Sin embargo, nunca había mordido a ninguna de sus parejas, lo que siempre le llevó a pensar que nunca se había enamorado de verdad. O por lo menos que no los había querido de la forma que a él le hubiera gustado y que ellos hubieran merecido. Claro que, sus relaciones siempre habían sido muy breves y siempre tuvo más ganas escapar de ellas que de morder. Siempre hubo más sexo que amor con sus parejas. Lo que había sido un problema endémico que arrastraba desde que perdió la virginidad. Compromiso inexistente y libido siempre en las alturas, una combinación abocada al fracaso al hablar de amor.   
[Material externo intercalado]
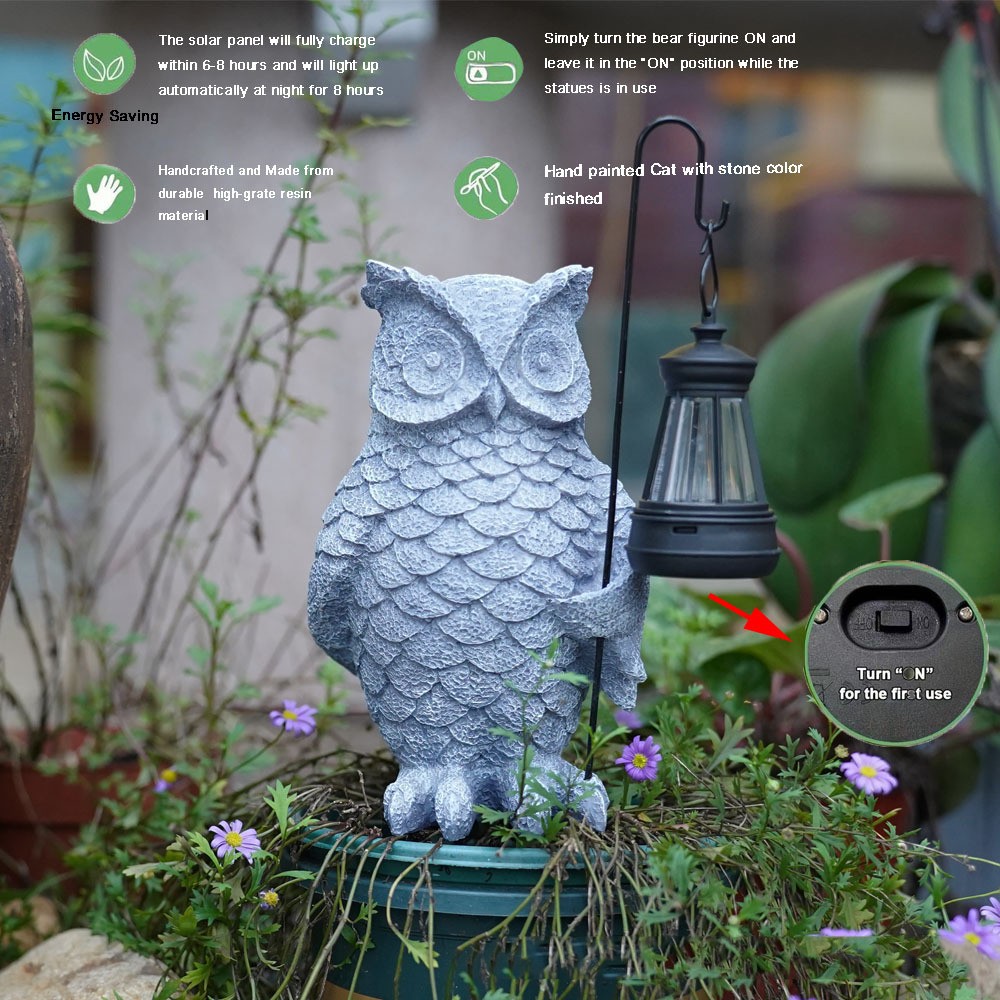 Ornament de Decor pentru Gradina cu LED, Flippy, Model Bufnita cu Felinar, Decoratiune Exterioara pentru Casa si Gradina, din Rasina, 21.5x15 cm, Gri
Por eso se sorprendió cuando la tercera vez que se veía con Jorge sintió unas ganas irrefrenables de morderle.

Jorge lo citó para cenar en su casa, pero él se adelantó un poco y llegaron a la vez, Jorge de correr y él con ganas de correrse. Se colocó detrás de Jorge mientras abría la puerta y abrazándolo respiró muy profundo y muy cerca de su nuca. Jorge sonrió, siempre olía tan bien, incluso después de correr y sudar tanto que su camisa quedó empapada tras abrazarlo.

Tropezando y andando con las piernas entrelazadas, entre beso y beso y perdiendo la ropa por el camino llegaron a la ducha. El agua caliente comenzó a resbalar por las mejillas y el cuerpo de Jorge y fue en ese momento que el instinto preparó sus dientes. Lo empujó contra la pared y con un movimiento rápido le daleó la cabeza para poder tener una buena visión de su cuello. Abrió la boca y al apretar los dientes pasó la lengua suavemente por encima de la carne de Jorge, que no solamente olía bien, sabía mejor. Tanto, que perdió la noción del tiempo y pensó que realmente le estaba haciendo daño, así que lentamente fue dejando de apretar pasando la lengua de nuevo e intentando aliviar el dolor con un beso.

Y durante todo ese tiempo, Jorge no dijo nada, ni se quejó, se dejó hacer mientras lo abrazaba cada vez más fuerte. Cuando volvió a mirarlo a los ojos Jorge estaba extasiado y sonriendo se acercó a su oído y le dijo: - ¡Ahora me toca a mí! Y apretó los dientes aprisionando el lóbulo de su oreja.

A él nunca le habían mordido y aquel mordisco le pareció lo más erótico, pero también lo más cariñoso y tierno del mundo y bajo el agua caliente siguieron mordiéndose.

Dicen que la región del cerebro que actúa cuando experimentamos amor y sexo es la misma y que por eso los confundimos. Quizás distraer al cerebro con el dolor del mordisco fue lo que deshizo la confusión y le hizo ver claro que era amor y no sexo. O quizás simplemente fue que encontró a alguien que expresaba su amor de la misma forma que él.